«Une ville utopique inspirée des pyramides» : le New York Times en extase devant la Grande-Motte

«Balladur était un visionnaire, il a anticipé la ville de demain». Dans un article très élogieux sur la Grande-Motte, la journaliste du New York Times Alice Cavanagh donne la parole à deux photographes parisiens, Laurent Kronental et Charly Broyez, qui publieront bientôt et en deux séries leurs clichés pris dans la «Cité Oasis». Tous deux s’extasient devant l’œuvre de Jean Balladur, qui a créé une ville «écologique», «futuriste», faisant office de «modèle idéologique pour les futurs développements urbains».

Or, la journaliste le rappelle : la Grande-Motte et son créateur avaient été accueillis avec mépris. Alice Cavanagh évoque même le magazine L'Architecture d'Aujourd'hui qui a qualifié en 1972 la ville de «pollution architecturale». Alors peut-on vraiment s’extasier, et en ces termes, de la station balnéaire construite à partir de rien en 1965 ?

Créée pour le tourisme

Dès ses premières lignes, Alice Cavanagh le rappelle : «la Grande Motte a vu le jour en 1965, comme l'une des nombreuses stations balnéaires pour classes ouvrières construites par le gouvernement français en réponse au “boom” des vacances de l'après-guerre». La ville sortie des sables il y a presque 60 ans fait partie de la Mission Racine, lancée sous Charles de Gaulle, qui visait à aménager près de 200 km de littoral entre la Camargue et les Pyrénées. Le projet ambitionnait de faire voir le jour à huit stations balnéaires, afin d’héberger les familles ouvrières qui obtinrent simultanément quatre semaines de congé par an. Il s’agissait d’une «alternative moins chère et familiale aux attractions plus huppées de la Côte d'Azur», comme le souligne la journaliste. 

Cette dernière estime que Jean Balladur souhaitait «créer un lieu hors du temps : un paradis perdu presque envahi par la verdure». Elle décrit les «immeubles d'habitation futuristes de La Grand Motte», dont les formes évoquent les pyramides précolombiennes de Teotihuacan, au Mexique. «Disposés le long d'une plage de sable et autour d'un port artificiel», ces bâtiments dont «la position et la forme» sont conçues «pour atténuer le vent et les embruns salés offrent un abri aux immenses jardins que Balladur a fait planter en contrebas». La journaliste prend plaisir à décrire ce décor «dépaysant», «moderniste» et «utopique».

Découvrir un «monde parallèle»

Laurent Kronental et Charly Broyez partagent l’avis de la journaliste. Le premier déclare : «C'est comme si nous découvrions un monde parallèle dans lequel nous ne savons pas si nous avons trouvé les vestiges d'une ancienne civilisation ou si nous sommes entrés dans le futur». Il va même plus loin.
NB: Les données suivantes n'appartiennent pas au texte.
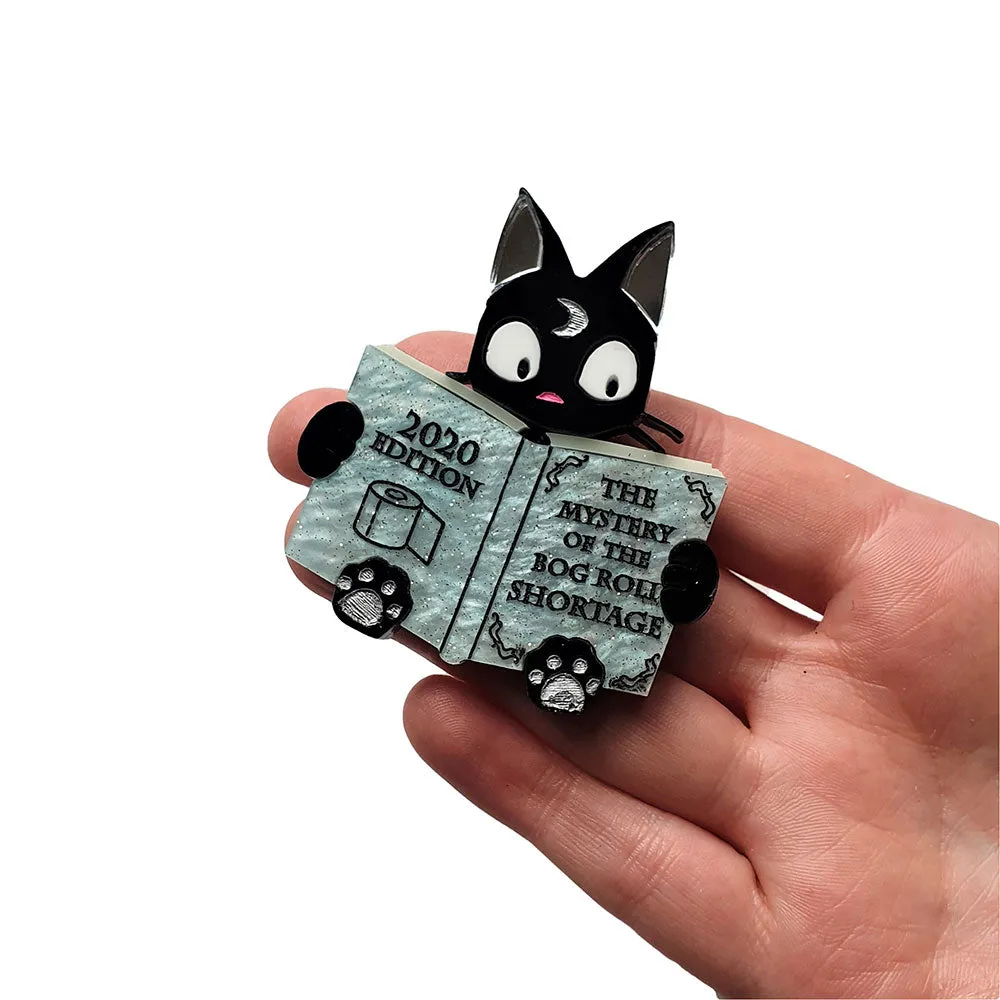 Bog Roll Shortage Book Cat Brooch by Cherryloco Jewellery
Selon lui, Balladur était «en avance sur son temps», en partie parce que son rêve d'une ville immergée dans la nature a fait de lui «un environnementaliste»

À ne pas confondre avec un écologiste, un environnementaliste se concentre sur les conséquences environnementales des activités humaines, tout en considérant que de simples aménagements de notre système social et économique permettront de les contenir. Bien moins radicalement engagé politiquement que l’écologiste, il soutient les réglementations gouvernementales qui limitent la pollution et protègent les espèces menacées, tout en encourageant les pratiques respectueuses de l'environnement, telles que le recyclage et les économies d'énergie.

Laurent Kronental argue que Jean Balladur a consacré «plus des deux tiers du site à la végétation, en plantant des espèces d'arbres capables de résister à la chaleur, au vent et aux embruns», en installant de nombreux sentiers pédestres et en limitant les voitures à la périphérie. 

Jean Balladur environnementaliste ?

Cependant, l’importance des arbres dans l’architecture de la Grande-Motte ne peut suffire à qualifier son architecte d’environnementaliste. Comme le rappelle la journaliste dès les premières lignes de son article, le matériau de construction principal de la station balnéaire est le béton. Or ce matériau créé à base de ciment est très polluant, et constitue aujourd’hui 7% des émissions de gaz à effet de serre à l’échelle du globe. 

De plus, pour urbaniser le littoral, marqué par les lagunes et les marécages, il a fallu profondément modifier l’environnement local. Des lagunes ont été asséchées, et les bassins-versants de la région modifiés par la création de barrages (qui favorisent aujourd’hui l'érosion). La démoustication voulue par la mission Racine s’est faite notamment par un assèchement des zones humides ainsi que l'utilisation de produits chimiques.

En attendant, le Golfe du Lion doit désormais se confronter à l'héritage de la mission Racine et se tourner vers des activités plus durables en appliquant le plan Littoral 21. Ce dernier s’est fixé trois enjeux pour 2027 : la résilience écologique, l’économie bleue et la cohésion territoriale.